Problem: Output must consist only of the lines of the material below from the one with "Axaooqeld AéRographe Portable" through the one with "Cartoon cat litter", each reproduced exactly; no pictures belong in it.

Data supplied:
------------------------------------------------------------------------

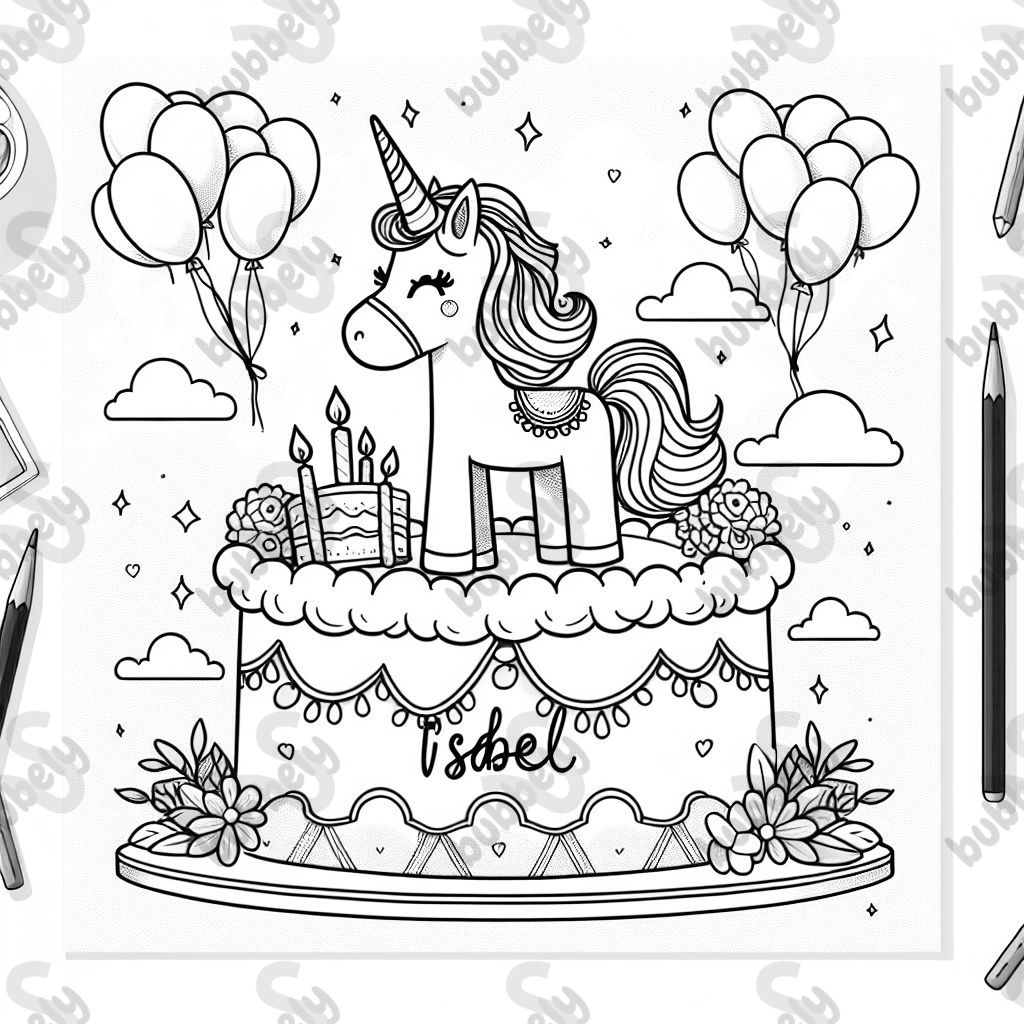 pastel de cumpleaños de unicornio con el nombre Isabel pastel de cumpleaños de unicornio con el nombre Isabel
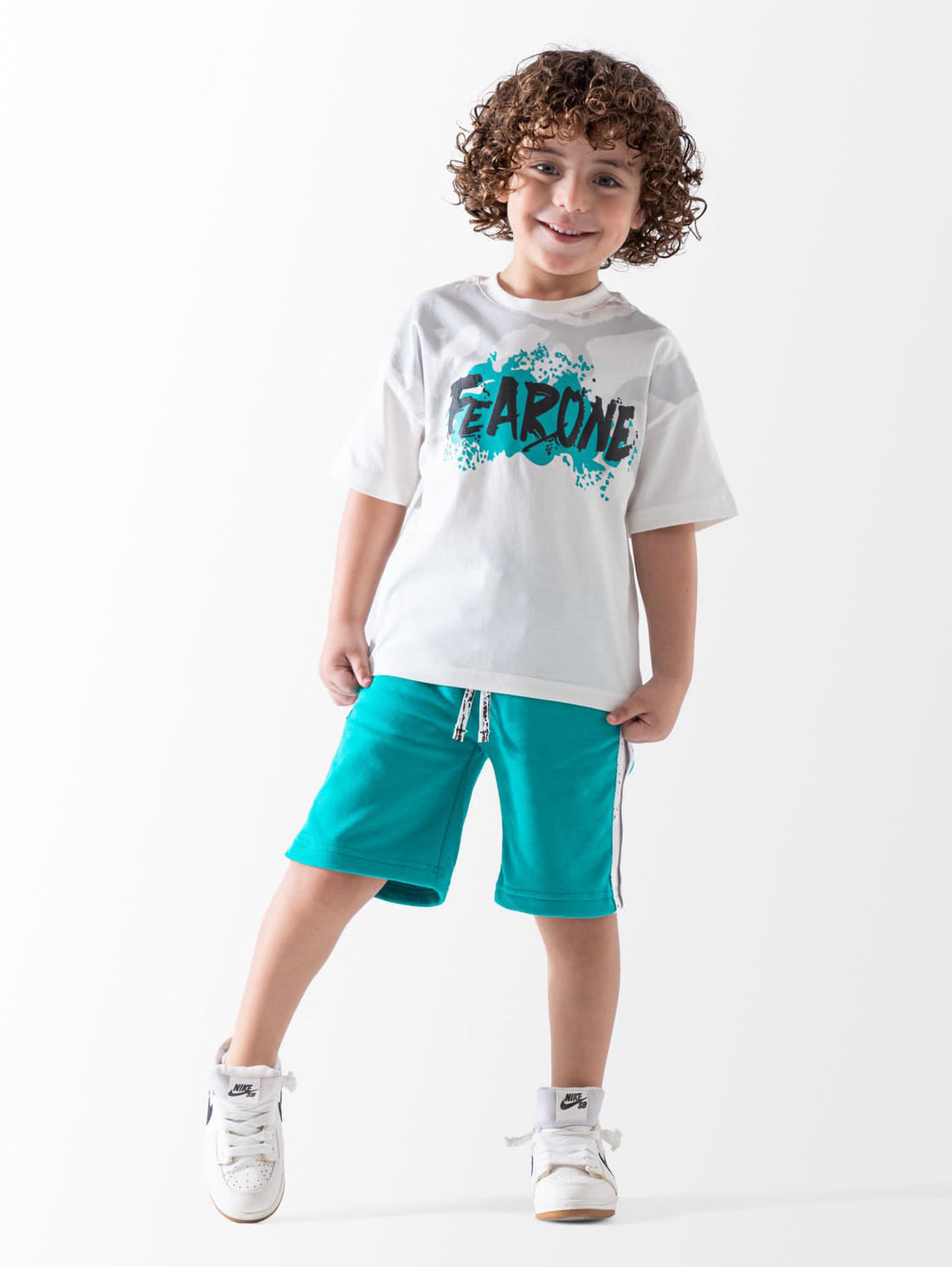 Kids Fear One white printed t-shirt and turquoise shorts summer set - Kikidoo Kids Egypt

------------------------------------------------------------------------

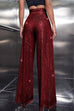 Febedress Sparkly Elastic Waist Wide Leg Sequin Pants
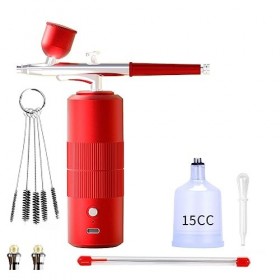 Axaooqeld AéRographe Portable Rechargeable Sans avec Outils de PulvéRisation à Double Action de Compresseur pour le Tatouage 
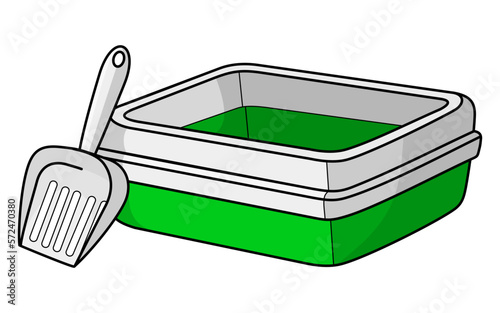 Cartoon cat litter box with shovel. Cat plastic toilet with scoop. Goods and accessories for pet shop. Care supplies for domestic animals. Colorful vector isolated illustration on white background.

------------------------------------------------------------------------

Result below:
 Axaooqeld AéRographe Portable Rechargeable Sans avec Outils de PulvéRisation à Double Action de Compresseur pour le Tatouage 
 Cartoon cat litter box with shovel. Cat plastic toilet with scoop. Goods and accessories for pet shop. Care supplies for domestic animals. Colorful vector isolated illustration on white background.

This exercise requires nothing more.